Le juge peut autrement décider, à la demande du syndicat et si la nature des préjudices le permet, d’une procédure de réparation collective négociée; cette procédure n’est pas ouverte pour des préjudices résultant de dommages corporels. Dans ce cadre, le juge habilite le syndicat à négocier, fixe l’adhésion au groupe, détermine le montant ou les éléments d’évaluation des préjudices par catégories, et fixe un délai (≥ 6 mois) au-delà duquel, en l’absence d’accord, il statue sur les préjudices.

L’adhésion au groupe vaut mandat au profit du demandeur pour l’indemnisation, l’homologation de l’accord, et, le cas échéant, l’exécution forcée.

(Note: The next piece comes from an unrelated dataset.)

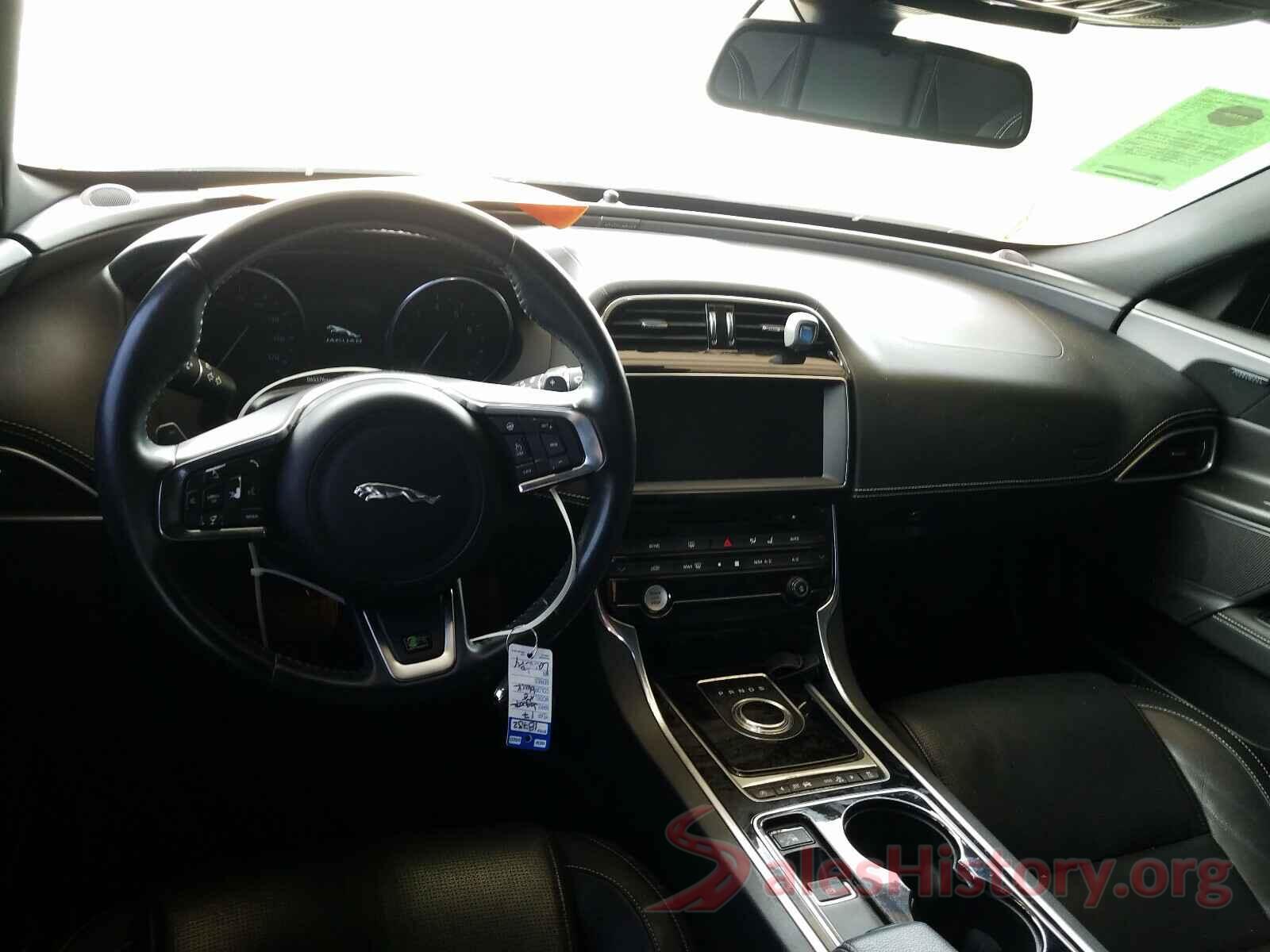 SAJAL4BV7HA954778 2017 JAGUAR XE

L’accord, éventuellement partiel, est soumis au juge pour homologation; le juge refuse si les intérêts sont insuffisamment préservés et peut renvoyer à la négociation.

Le juge peut mettre des mesures de publicité à la charge du défendeur ou du demandeur; en cas d’inexécution, elles sont mises en œuvre par la partie adverse aux frais de la partie défaillante (CPC art. 849-2-2).

5) Prescription et effets de la décision

L’action de groupe suspend la prescription des actions individuelles en réparation des préjudices résultant des manquements constatés ou des faits retenus dans l’accord homologué.

Le délai de prescription recommence à courir, pour une durée au moins égale à 6 mois, à compter de la date à laquelle le jugement n’est plus susceptible de recours ordinaire ou de pourvoi, ou à compter de l’homologation de l’accord.

Le jugement sur la responsabilité et celui homologuant l’accord ont autorité de chose jugée envers les membres du groupe dont le préjudice a été réparé; une autre action de groupe fondée sur le même fait générateur, le même manquement et les mêmes préjudices n’est pas recevable.

L’adhésion au groupe ne fait pas obstacle à une action individuelle pour réparer des préjudices hors champ du jugement ou de l’accord.

En synthèse, l’action de groupe en droit du travail (discriminations comprises) est désormais encadrée par un régime unifié depuis le 3 mai 2025, avec une mise en demeure préalable obligatoire, une compétence de tribunaux judiciaires désignés, des possibilités d’indemnisation individuelle ou de réparation collective homologuée, des effets procéduraux forts sur la prescription et la portée des décisions, et une nouvelle sanction civile ciblant les manquements délibérés procurant un gain indu, sous les conditions et limites posées par l’article 16 de la loi n° 2025-391 du 30 avril 2025 et les textes d’application de 2025.